(What you need to do)
Each line of the data must be given back verbatim, with pictures removed.

(Given data)
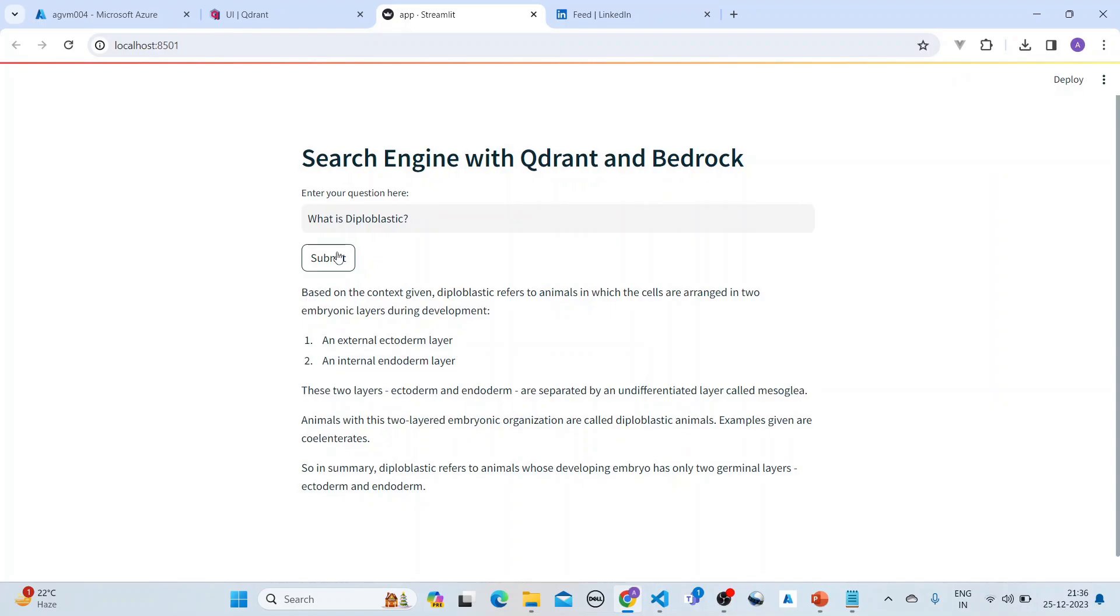These are different biology terms, and since the text that we have ingested into the vector database, we are getting these answers from the database. This wraps up our whole lecture on Qdrant and using Bedrock as the LLM. Hope you liked it, thank you. All the code will be checked into GitHub.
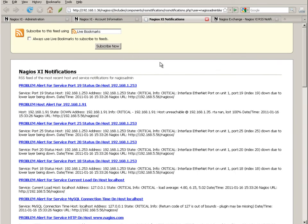When you initially enable RSS notifications in Nagios XI, your RSS list is going to be empty. It will start to populate as you receive new host and service notifications.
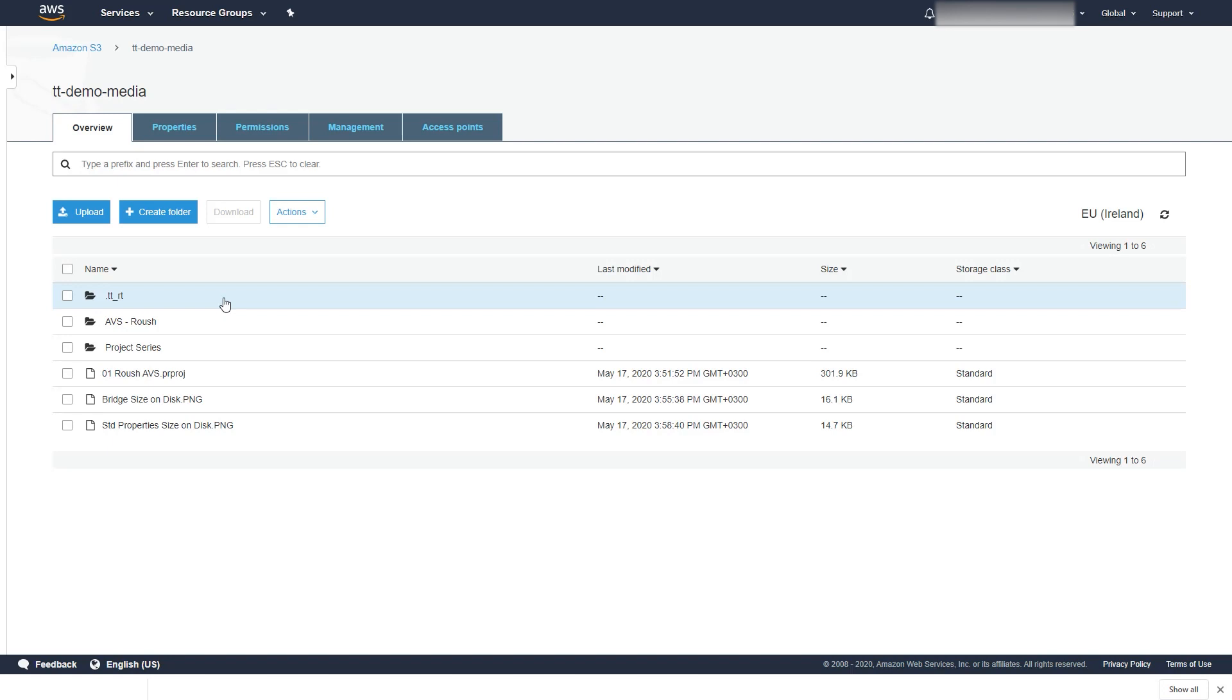Adobe Premiere cannot connect to an S3 bucket directly. TigerBridge enables Premiere running on a VM to seamlessly connect to a shared S3 bucket.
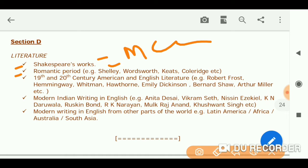For the Romantic period, you will get three videos of MCQs, and on Shelley's works you will get videos under different titles. For 20th century American and English literature, as you can see there are lots of writers, and I am going to make videos on those topics.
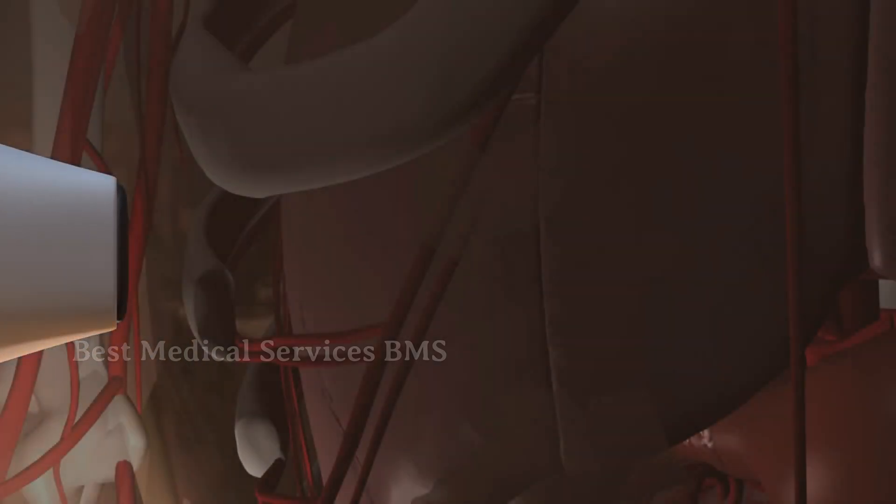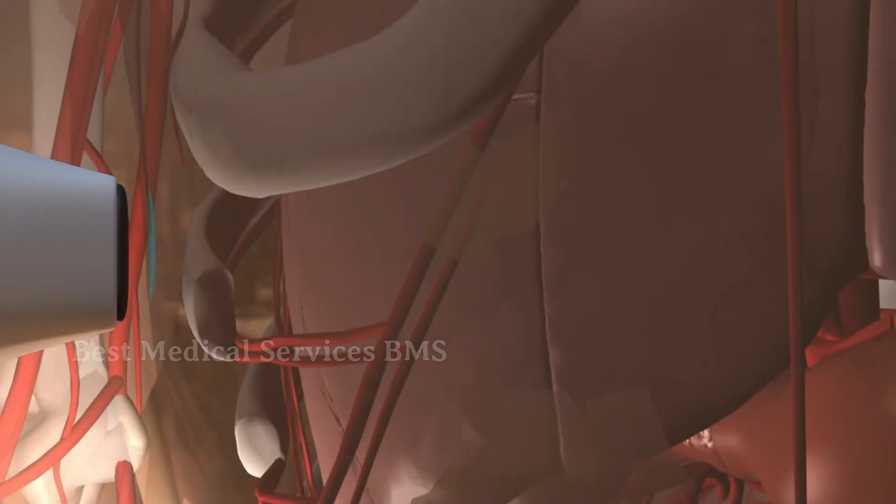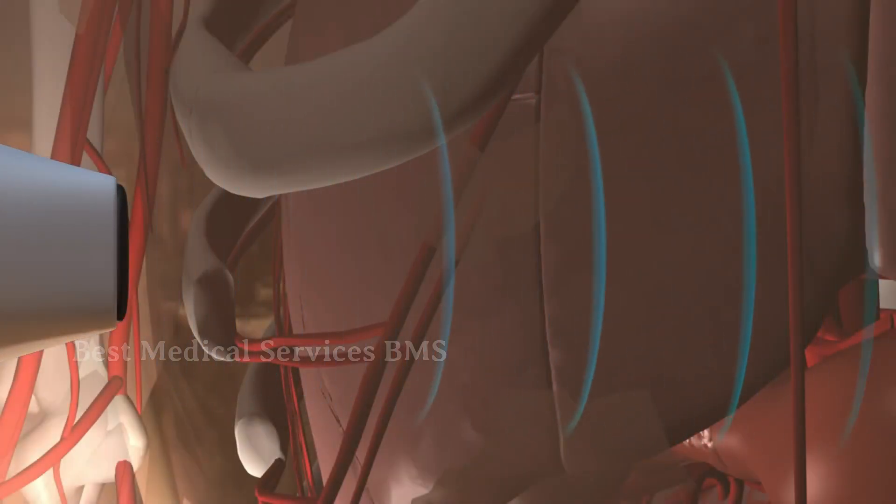When a transducer directs ultrasound waves into the body, they pass right through the skin and into the internal anatomy.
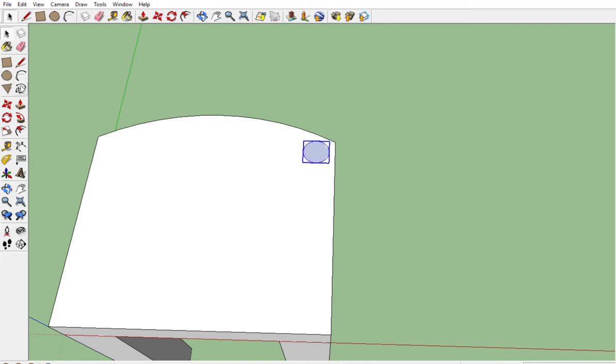Instead of the move tool, I'm going to use the rotate tool, which is this guy right here. Again, if you hover over it, it shows you rotate.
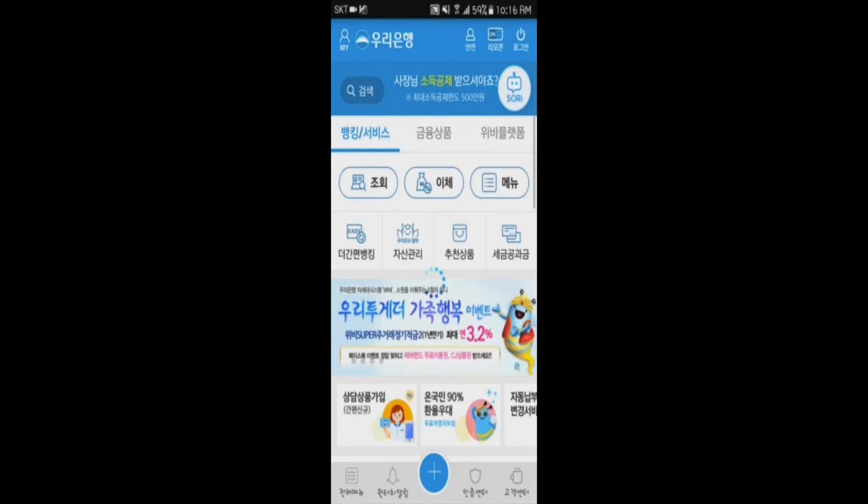Before you can do transactions within the URIINING app, you must first have the boron card that you can receive when you go to URIBANK.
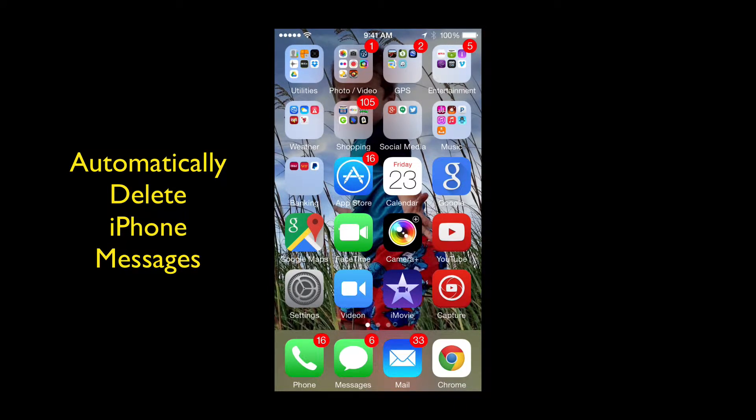Hey y'all, Steve here. Today I've got a really quick iPhone tip for you and it's how you can automatically delete your older messages.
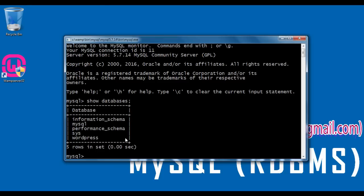In the upcoming video tutorials, we will understand what is a database, when do we create a database, how do we create a database, how do we delete a database, etc. At present, you should remember that to display the list of databases available in MySQL server, we take help of the SHOW DATABASES command — we write: show space databases semicolon.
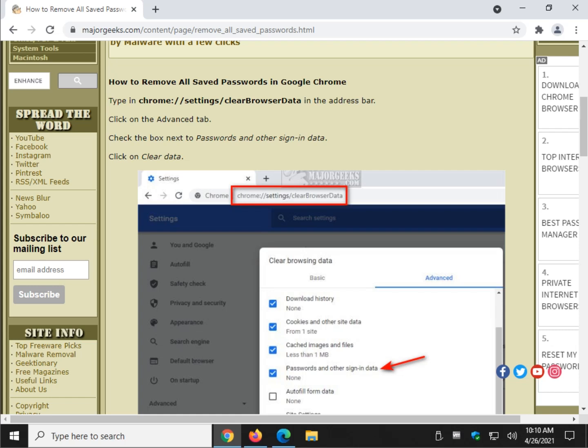Hey there Geeks, Tim with MajorGeeks.com. Today we're going to show you how to remove all your saved passwords in Google Chrome, Mozilla Firefox and Microsoft Edge.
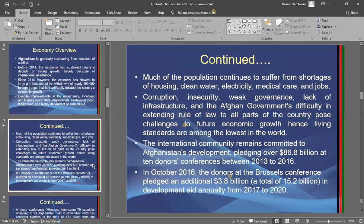Much of the population continues to suffer from shortage of housing, clean water, electricity, medical care, and jobs. Corruption, insecurity, weak governance, lack of infrastructure, and weak rule of law are the biggest challenges that have left the government facing enormous difficulties in achieving economic growth. These are the reasons Afghanistan is considered one of the world's lowest-ranked countries by living standard.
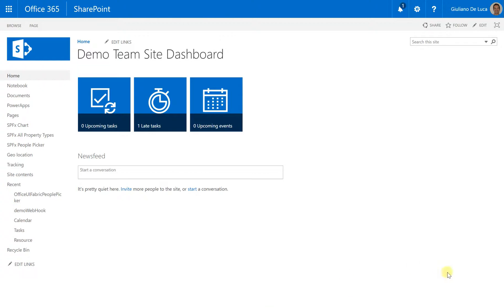Hi, I'm Giuliano De Luca. In this video, I'll show you how it is possible to implement the People Picker in SharePoint Framework.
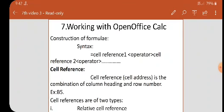Cell reference is otherwise called as cell address. The general syntax is: equal to cell reference 1, then operator, cell reference 2, operator, and so on. While constructing a formula, the BODMAS rule should be kept in mind.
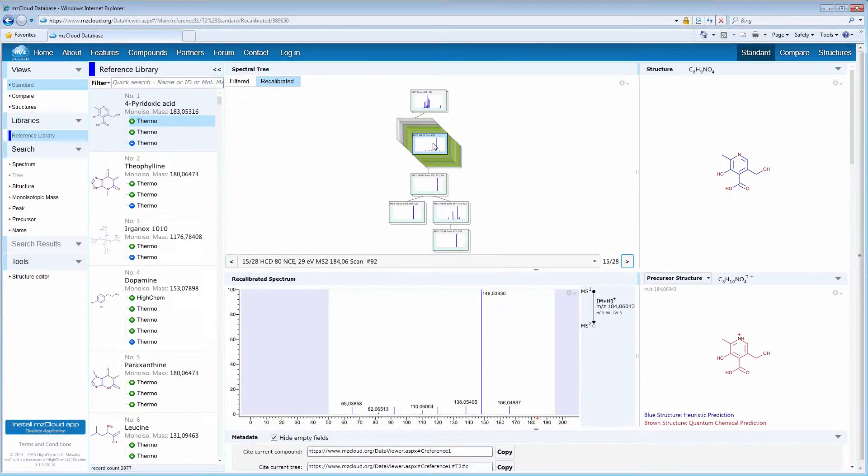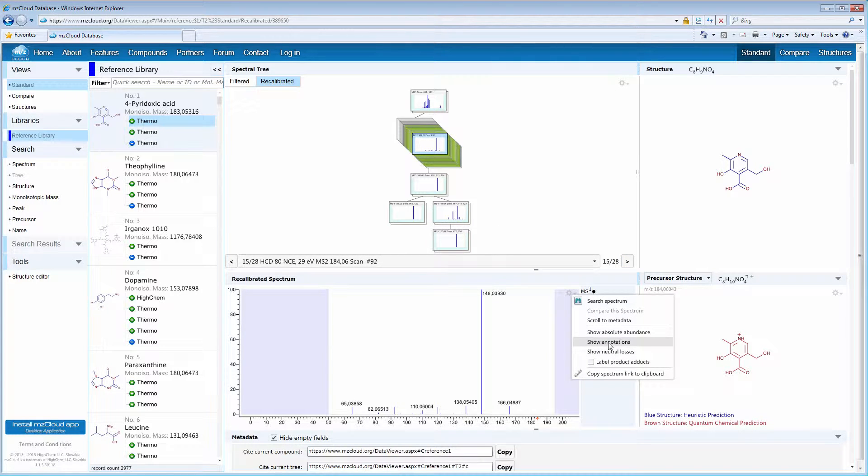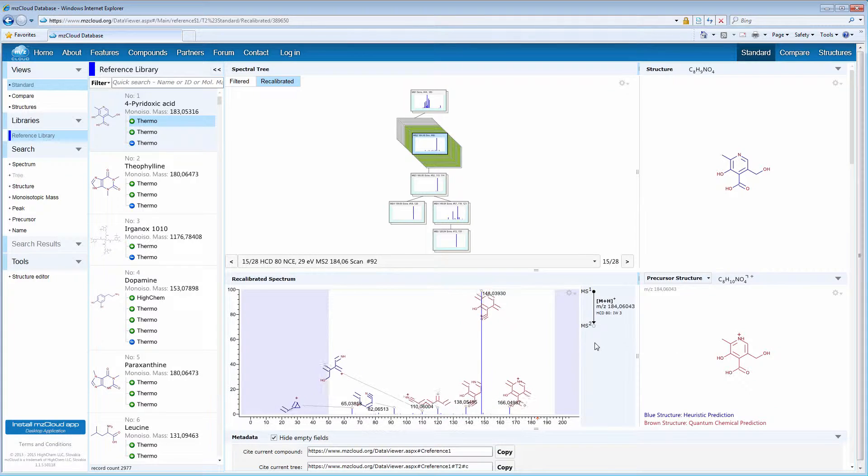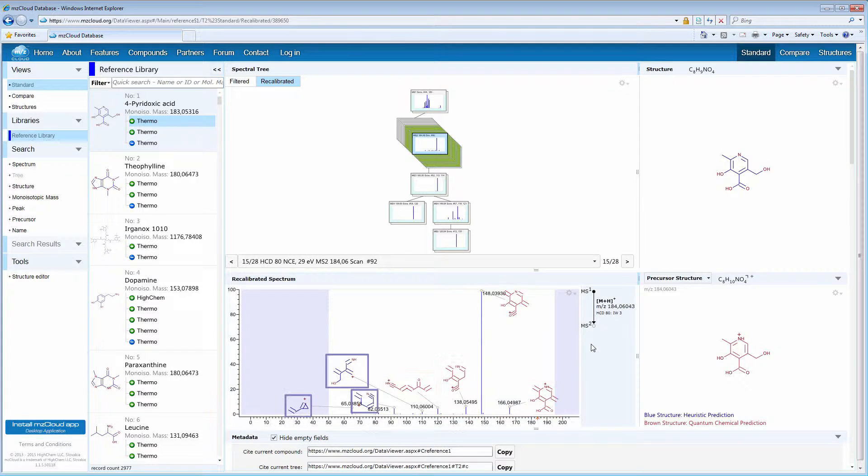What is really nice in MZCloud is the option to display fragment structures corresponding to peaks in the spectrum. Here we have quantum chemically calculated fragments that are shown in brown, and heuristically predicted fragments that are shown in blue.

(Response to this exercise)
These are different biology terms, and since the text that we have ingested into the vector database, we are getting these answers from the database. This wraps up our whole lecture on Qdrant and using Bedrock as the LLM. Hope you liked it, thank you. All the code will be checked into GitHub.
When you initially enable RSS notifications in Nagios XI, your RSS list is going to be empty. It will start to populate as you receive new host and service notifications.
Adobe Premiere cannot connect to an S3 bucket directly. TigerBridge enables Premiere running on a VM to seamlessly connect to a shared S3 bucket.
For the Romantic period, you will get three videos of MCQs, and on Shelley's works you will get videos under different titles. For 20th century American and English literature, as you can see there are lots of writers, and I am going to make videos on those topics.
When a transducer directs ultrasound waves into the body, they pass right through the skin and into the internal anatomy.
Instead of the move tool, I'm going to use the rotate tool, which is this guy right here. Again, if you hover over it, it shows you rotate.
Before you can do transactions within the URIINING app, you must first have the boron card that you can receive when you go to URIBANK.
Hey y'all, Steve here. Today I've got a really quick iPhone tip for you and it's how you can automatically delete your older messages.
In the upcoming video tutorials, we will understand what is a database, when do we create a database, how do we create a database, how do we delete a database, etc. At present, you should remember that to display the list of databases available in MySQL server, we take help of the SHOW DATABASES command — we write: show space databases semicolon.
Hey there Geeks, Tim with MajorGeeks.com. Today we're going to show you how to remove all your saved passwords in Google Chrome, Mozilla Firefox and Microsoft Edge.
Much of the population continues to suffer from shortage of housing, clean water, electricity, medical care, and jobs. Corruption, insecurity, weak governance, lack of infrastructure, and weak rule of law are the biggest challenges that have left the government facing enormous difficulties in achieving economic growth. These are the reasons Afghanistan is considered one of the world's lowest-ranked countries by living standard.
Hi, I'm Giuliano De Luca. In this video, I'll show you how it is possible to implement the People Picker in SharePoint Framework.
Cell reference is otherwise called as cell address. The general syntax is: equal to cell reference 1, then operator, cell reference 2, operator, and so on. While constructing a formula, the BODMAS rule should be kept in mind.
What is really nice in MZCloud is the option to display fragment structures corresponding to peaks in the spectrum. Here we have quantum chemically calculated fragments that are shown in brown, and heuristically predicted fragments that are shown in blue.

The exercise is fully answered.